Apple faces new calls for greater racial diversity in its senior executive roles
Apple shareholders will make history next year if they decide that the company should be forced to increase the number of its non-white executives and directors.
A resolution submitted by an investor who lives in New York and London would require Apple to put more "people of colour" in such high-profile roles to increase diversity.
Apple told the Securities and Exchange Commission that it believes it doesn't have to include the proposal in its proxy materials, contending that it is an attempt to "micromanage" recruitment. The company also said that while it is trying to attract minorities, it "has no power to ensure that its recruits will accept offers."
While Apple is being pressured on its racial make-up, the company has demonstrated diversity elsewhere. CEO Tim Cook is openly gay and has come out in support of causes including marriage equality.
The proposal for an "accelerated recruitment policy" was submitted in September by Antonio Avian Maldonado, who owns 645 Apple shares. He said he had been spurred to act after looking at photos of the directors and his teenage son asked him why nearly everyone was white.
The board is "a little bit too vanilla," said Maldonado, the creative director for Insignia Entertainment, a music company. "I want to nudge them to move a little bit faster."
Diversity has been a hotly debated issue in Silicon Valley in recent years, with activists focusing on a dearth of minority and female engineers and executives in many of the biggest tech companies and hottest start-ups.
At Apple, six of the eight Apple directors are white. Andrea Jung is Asian-American and James Bell, an African American, joined the board in October.
Bell's appointment is one of the signs that "Apple is moving in the right direction," said Jesse Jackson, who lobbies the tech industry to increase minorities in its ranks.

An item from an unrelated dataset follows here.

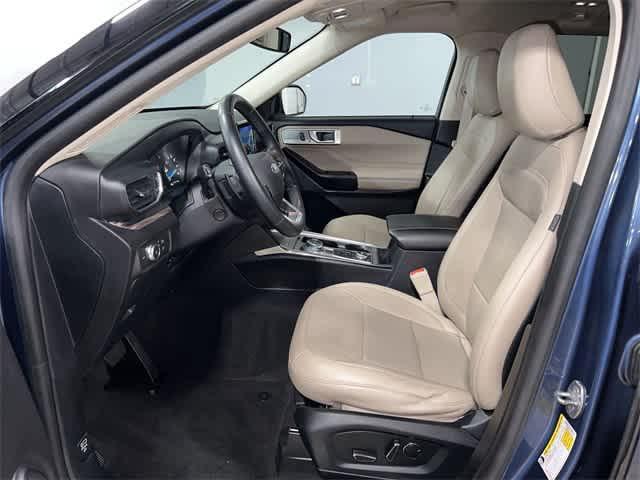 Photo of 2020 BLUE METALLIC Ford Explorer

"There's a lack of outreach," Jackson said, though it makes financial sense for Apple to "look like the marketplace for their products."
Last week, Twitter announced that it had hired Apple's global head of diversity, Jeffrey Siminoff, for a si milar position. That sparked criticism of the site, which has taken flack for its lack of diversity. Siminoff is a white male.
Shareholders in multinational firms have filed motions over the years asking that more women and non-whites be named to boards.